Huntingdonshire writers' group talk. 2012
Huntingdonshire Writers' Groupt Talk 2012
Nigel Cooper will be giving a talk at the Huntingdonshire Writers' Group, Huntingdon on Tuesday 4th December between 7:30 and 9:30pm.
Nigel will be the guest speaker for this meeting and will be talking about the world of publishing, offering his first-hand knowledge of the peaks and troughs of publishing and will also be signing free copies of his novel Email From A Vampire.
Address and other details can be found by clicking this link: Huntingdonshire Writers' Group
Below is the excerpt from the Huntingdon Writers' Group 11th December 2012 Newsletter, outlining Nigel's talk. Sixteen members and four visitors were in attendance.
Ruth (the chair): Introduced Nigel Cooper as the guest speaker for the evening. Nigel is a self-published author of “Email from a Vampire”. He offered his first-hand knowledge of the peaks and troughs of his self-publishing experience.
Nigel: Explained that he met Ruth whilst he was creating his novel and that he had not come to sell his book, but wished to hand out a copy to each member present with the request that if they decided to read it, and enjoyed it, that they placed a review on Amazon. Nigel had previously been the owner of a magazine and a video production company, both of which he had sold to finance his writing career.

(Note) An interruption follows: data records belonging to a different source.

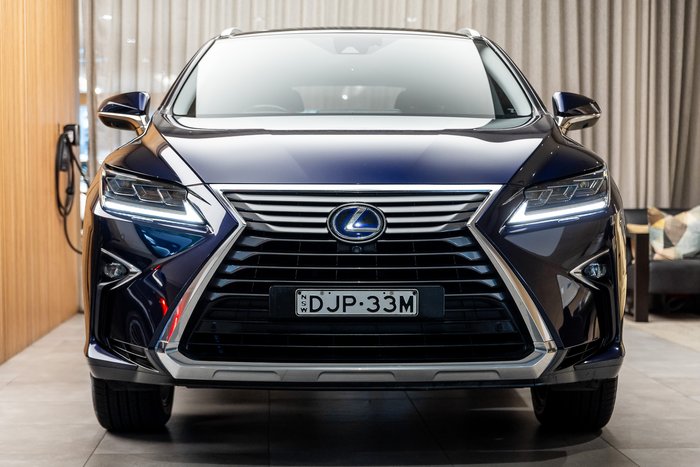 2016 Lexus RX450h Sports Luxury 3.5L Hybrid CVT Wagon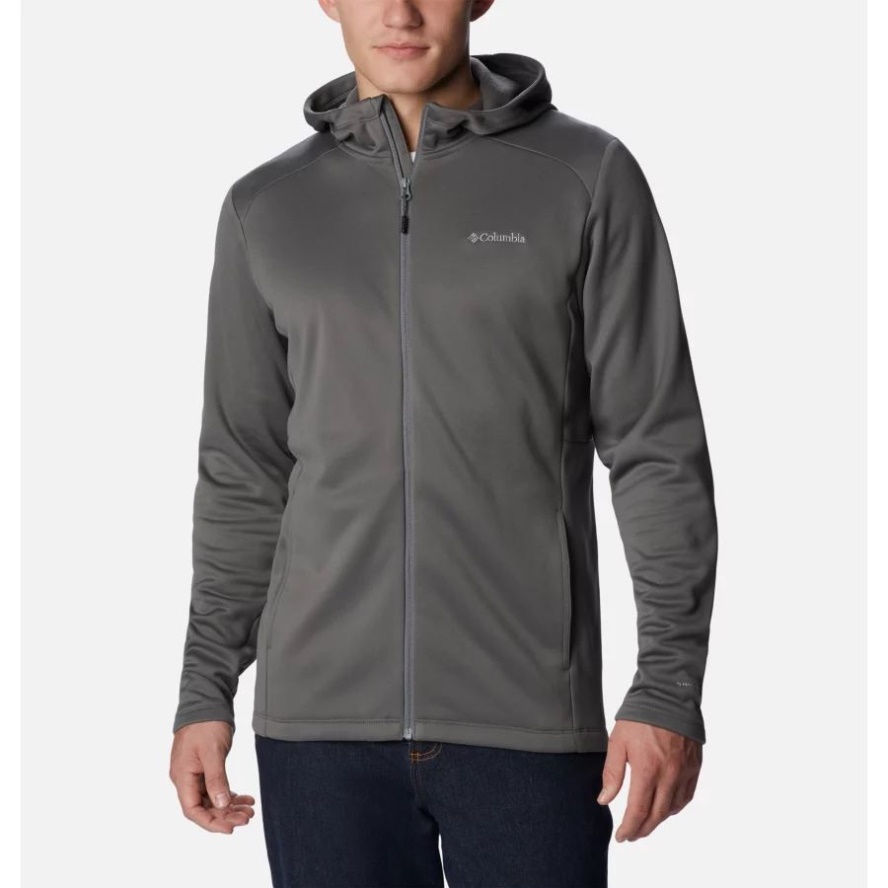 Columbia Sale Men's Canyon Gate Hooded Jacket City Grey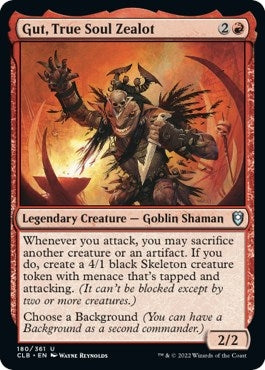 Image for Gut, True Soul Zealot (180) [Commander Legends: Battle for Baldur's Gate] - Magic: The Gathering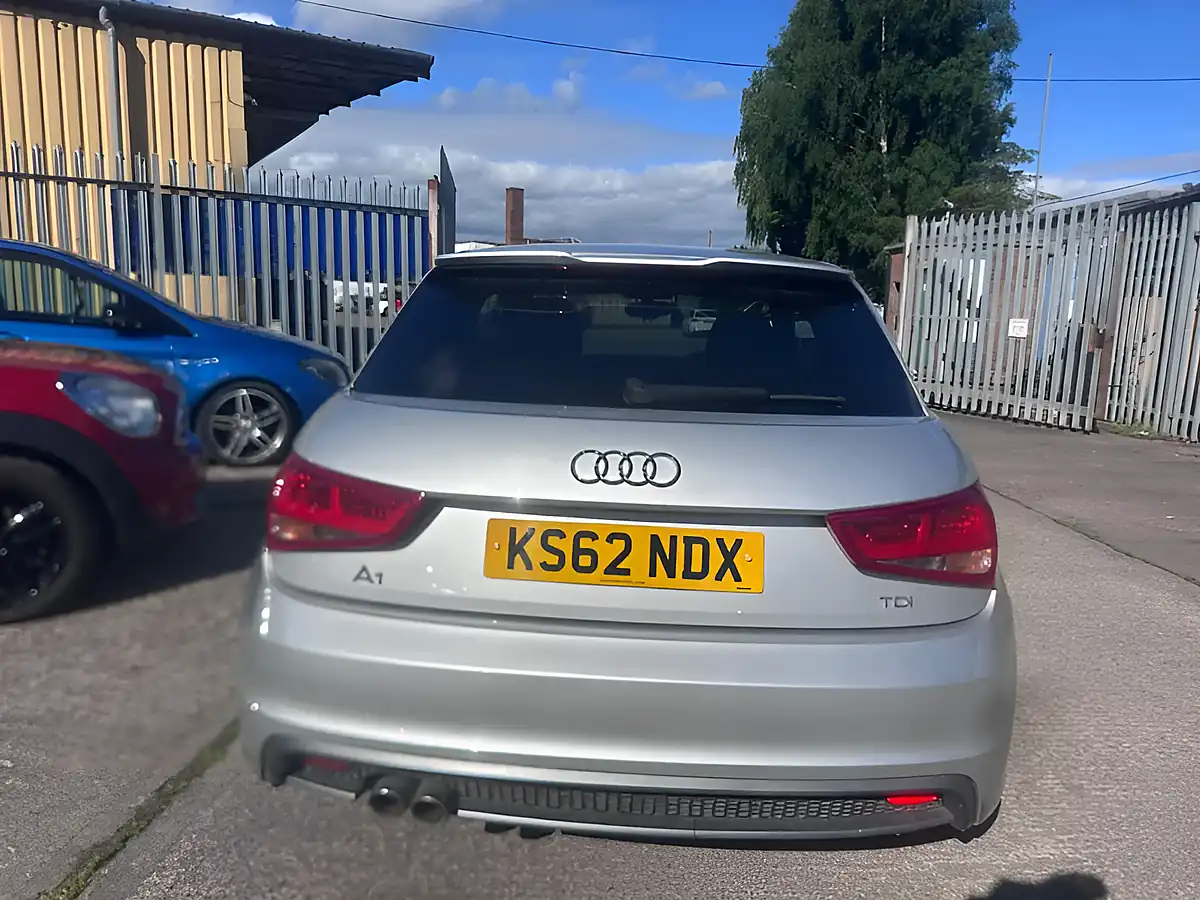 Used 2013 Audi A1 Black Edition Silver - Interior and Exterior details 2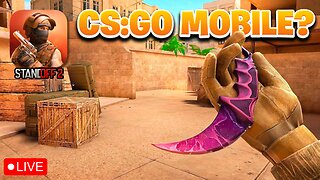 CS:GO MOBILE? | Mobile Gaming | Standoff 2 LIVE [Replay]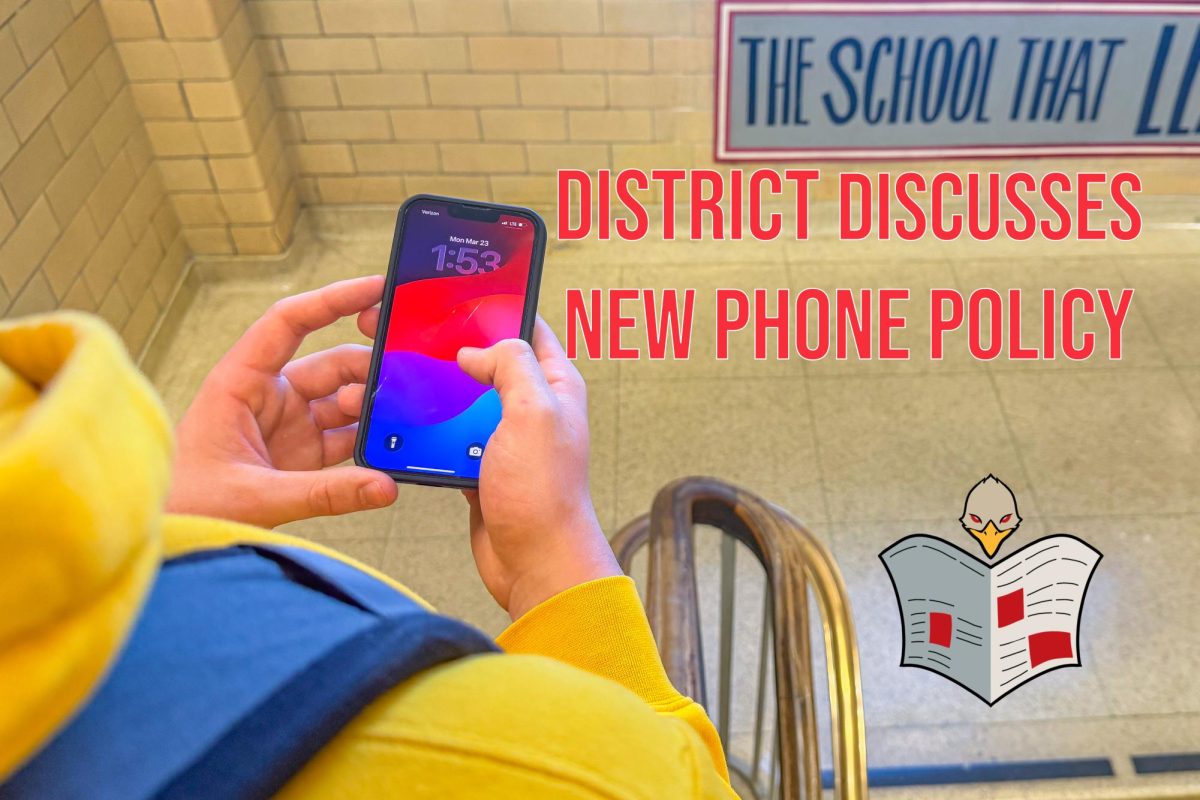 District Explores New Phone Policy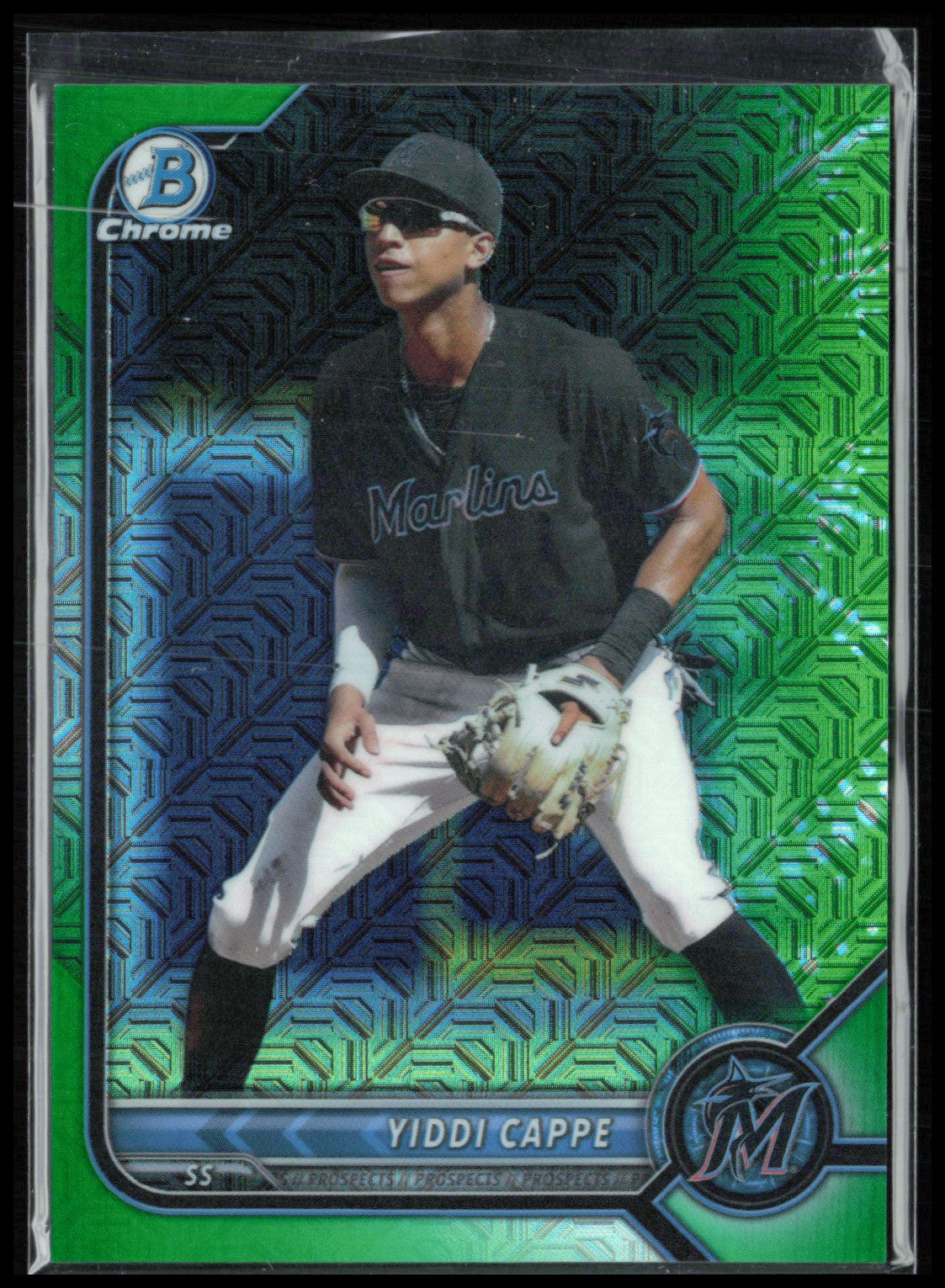 Yiddi Cappe Green Mojo /99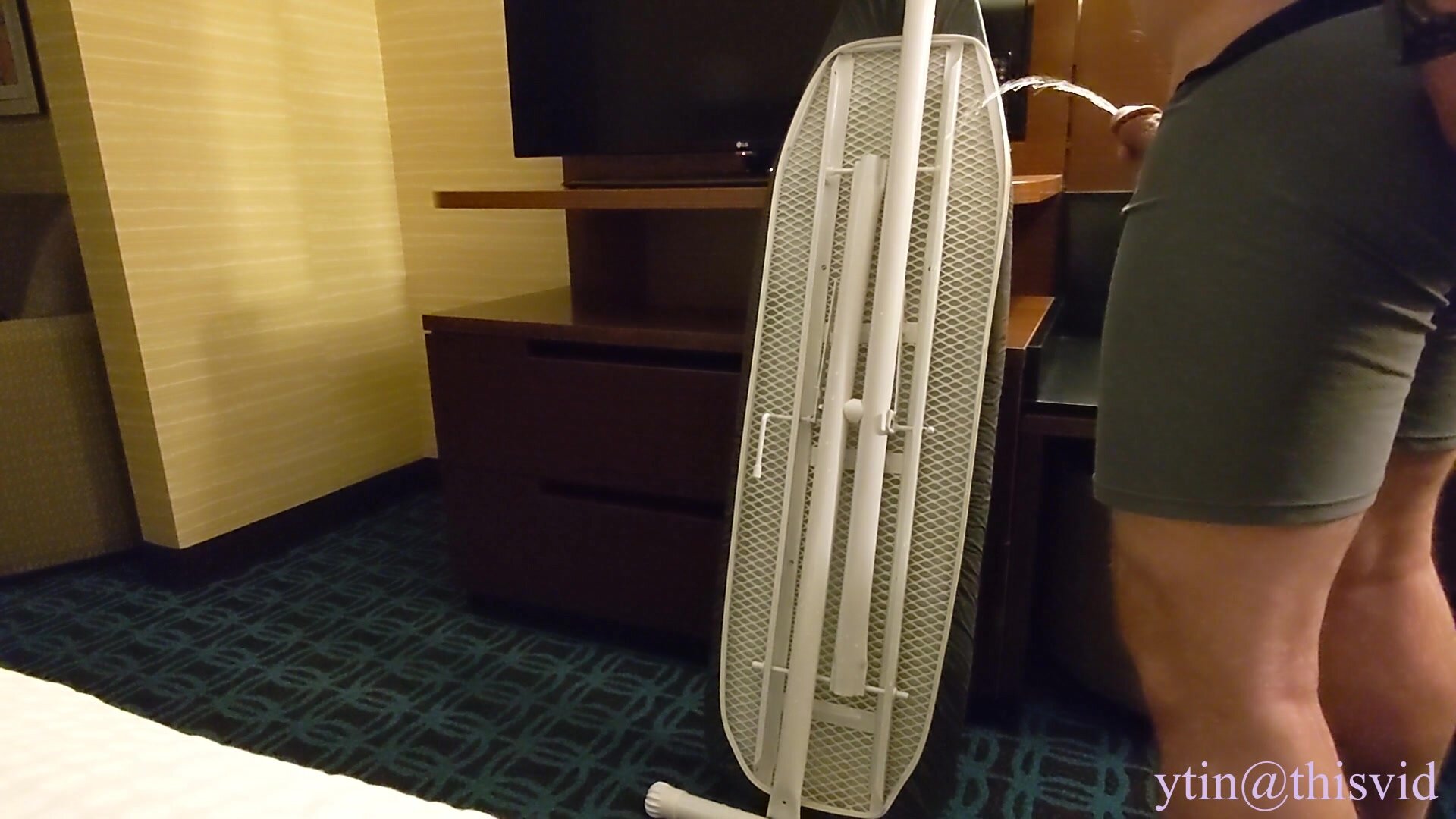 Hotel Ironing Board Piss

Nigel’s determination to capture the interest of an agent was such that he telephoned one particular agent four times each day for a couple of weeks until they relented and read his manuscript resulting in constructive criticism and guidance. Ruth carried out the proof-reading and Nigel created his own imprint in order to be able to put a logo on the spine of the book. He spent a considerable time researching the historic aspects of his story and wrote the entire 86,000 words in twelve weeks.
Nigel offered some tips for consideration based upon his own experiences:
Have your manuscript professionally proofread.
Have four or five people, who you can trust to be truthful and brutally honest to read the manuscript.
When writing, do not finish at what you consider to be the end of a chapter, write a further two paragraphs before stopping, this way when you resume, you already have the thread to follow to begin the new chapter. Accept criticism and expect rejection.
Get the time line right.
Don’t bother with the social networking sites; they do not improve your sales.
Get other people to suggest a “shout line” to go on the front cover of your book, then select or create one that you find suitable.
Check the complexities of ISBN numbers by contacting Neilsons from whom they can be purchased 10 at a time.
It is considered that if you have sold 40 copies of your book, you are ahead of the average for self published authors.
Use a professional standard software package for layout and typesetting. Nigel uses Adobe Design.
He uses Lightning Source as his print on demand publishing company.
Waterstone's are happy to take on anyone for a book signing, but don’t expect to sell more than about 50 books at best.
Nigel then mentioned some books which he considered to be good guides to writing:
Writers & Artists: How to Write
Stephen King on Writing
The Elements of Style by E.B.White
From Pitch to Publication by Carol Blake
He also said, if you want to be a great writer you should read a lot, and write a lot.
Nigel went on to talk about mapping the story; he took a tip from Alfred Hitchcock who used 3” x 5” cards laid out on the floor with an encapsulating sentence to identify the beginning and end of the story. He then used multiple cards in the same way to create chapter descriptors; the sentences evolved into paragraphs and eventually into chapters. Nigel uses a similar system but adapted for the computer.
Nigel Cooper finished his talk by reminding members of the proverb penned by Stephen King: “The road to hell is paved with adverbs”.
Hazel: Thanked Nigel on behalf of the members and presented him with a bottle of wine as he was not charging a fee. He continued with casual discussions with members during the enjoyable feast of seasonal goodies and alcohol-free wine.